Data section
───

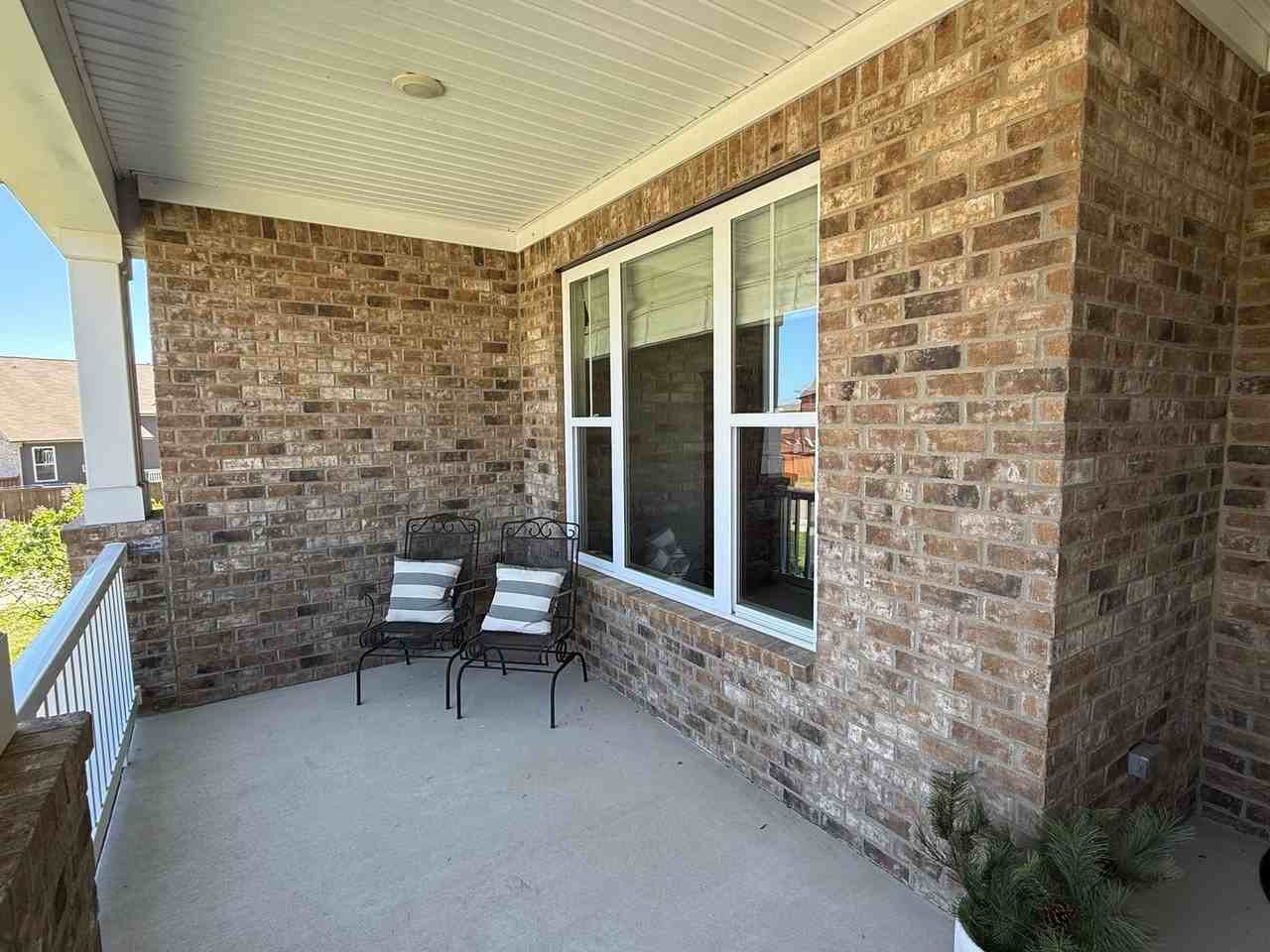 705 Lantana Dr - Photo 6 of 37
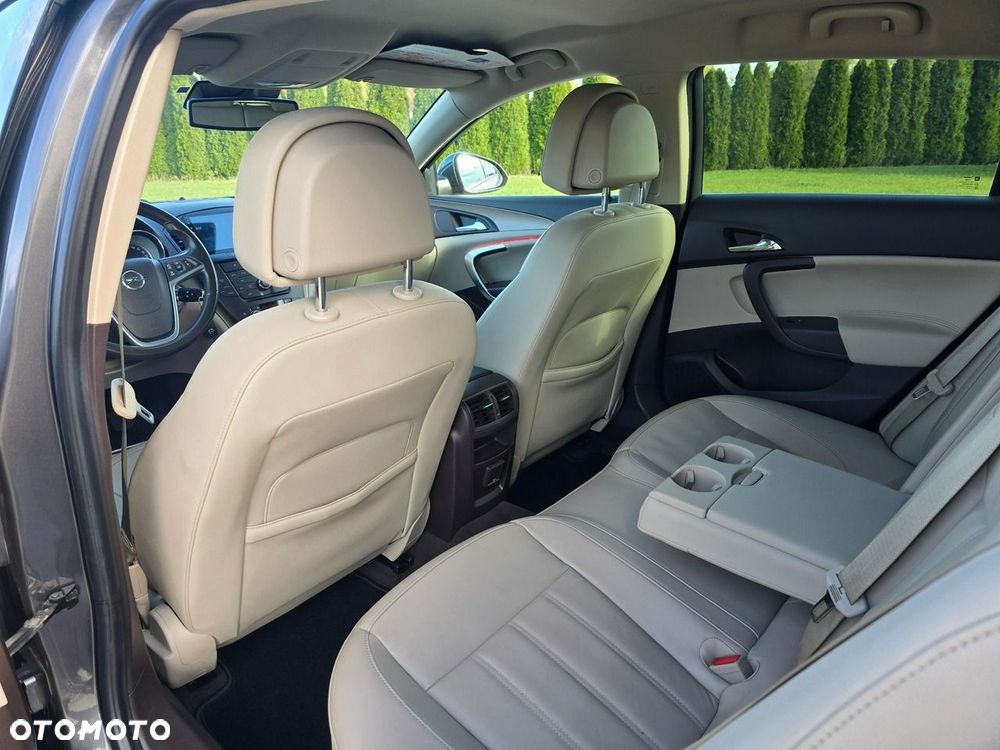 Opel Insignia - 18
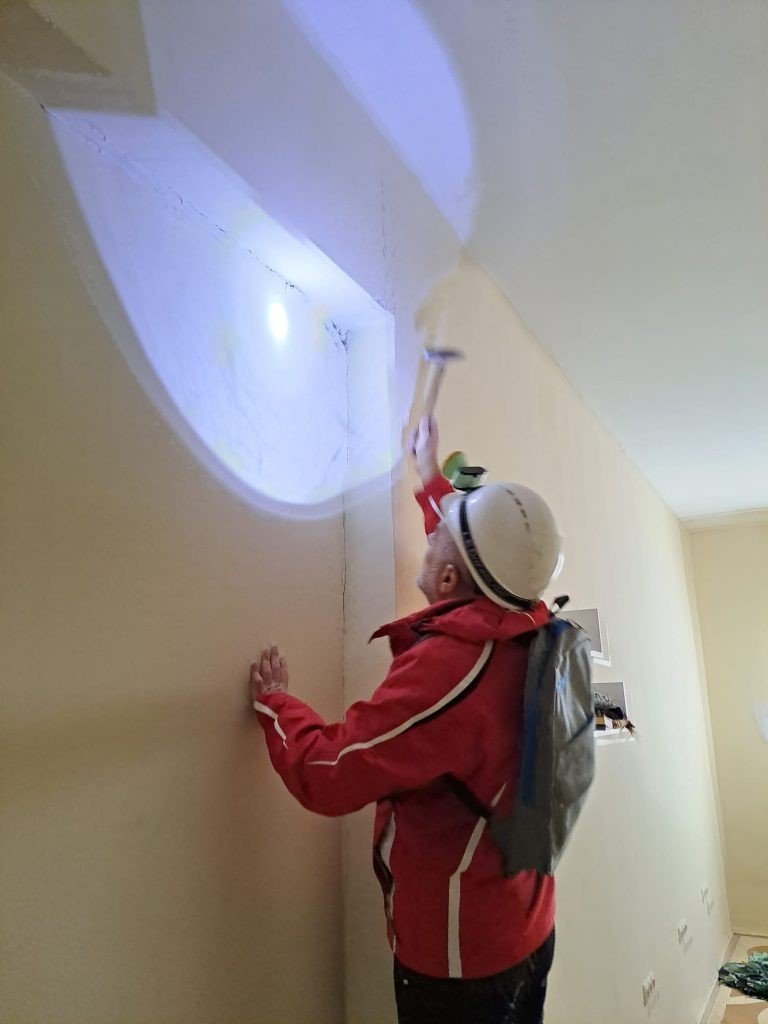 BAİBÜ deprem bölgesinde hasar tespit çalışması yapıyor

───

About this exercise
The lines from the one containing "Opel Insignia - 18" through the final line of the data are to be repeated exactly, with both ends included and all pictures left out.

Problem solution
 Opel Insignia - 18
 BAİBÜ deprem bölgesinde hasar tespit çalışması yapıyor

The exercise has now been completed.